Parallel And Perpendicular Lines

Here we will learn about parallel and perpendicular lines including how to show when two lines are parallel or perpendicular, how to calculate the gradient of parallel and perpendicular lines and use this knowledge to calculate the gradient of tangents to circles.

There are also parallel and perpendicular worksheets based on Edexcel, AQA and OCR exam questions, along with further guidance on where to go next if you’re still stuck.

What are parallel and perpendicular lines?

Parallel lines are straight lines with a constant distance between them.
Perpendicular lines intersect one another at a 90 degree angle (a right angle)

E.g.
A table has 4 legs. Each leg is parallel to the other legs, but perpendicular to the table top that they are attached to:

Straight line graphs can be parallel, perpendicular or have 1 point of intersection. It is not possible for 1 straight line to intersect another line at two coordinates or be parallel and perpendicular at the same time. We therefore need to understand each property so that we can start to visualise when lines are parallel or perpendicular.

What are parallel and perpendicular lines?

Parallel lines

Two (or more) straight lines are parallel when they share the same gradient.

E.g.
Let’s look at the three lines y = 2x + 1, y = 2x + 5 and y = 2x − 3:

Each straight line has the same gradient (here, m = 2) and the distance between any two lines remains constant in both directions. This means that all 3 lines are parallel.

We can therefore state that the equation of a line parallel to a line with the gradient 2 can be written in the form y = 2x + c, for any value of c that represents where the graph intercepts the y-axis.

Top Tip: All vertical lines are parallel to the line x = 0 and all horizontal lines are parallel to the line y = 0.

See also: Gradient of a line

What are parallel lines?

Equations of parallel lines

Parallel lines can be recognised by their equations by checking if their gradients are the same.

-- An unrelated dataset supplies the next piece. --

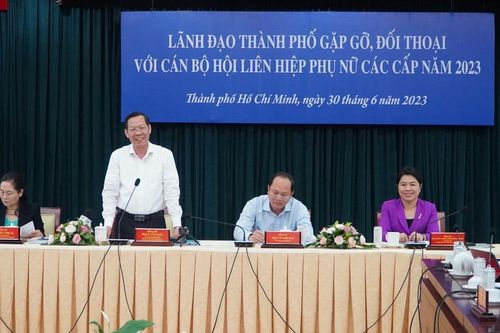 Phụ nữ đừng tự làm khổ mình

This may require some rearranging.

E.g.

Show that $y=-2x+4$ and $4x+2y=9$ are parallel.

The gradient of the first line is $-2$ . We need to rearrange the second equation so that it is in the form $y=mx+c$ so we can find the gradient.

4x+2y=9

2y=-4x+9

y=-2x+4.5

The gradient of the second line is also -2. The gradients of the two lines are the same, so the lines are parallel.

Perpendicular lines

Perpendicular lines have gradients that multiply to give −1.
In other words, the gradients of two lines that are perpendicular to each other are the negative reciprocals of each other.

E.g.
To see why let’s look at the line y = x:

The gradient of the line y = x is m = 1 as for each unit square we move right along the x-axis, we move 1 unit square up the y-axis.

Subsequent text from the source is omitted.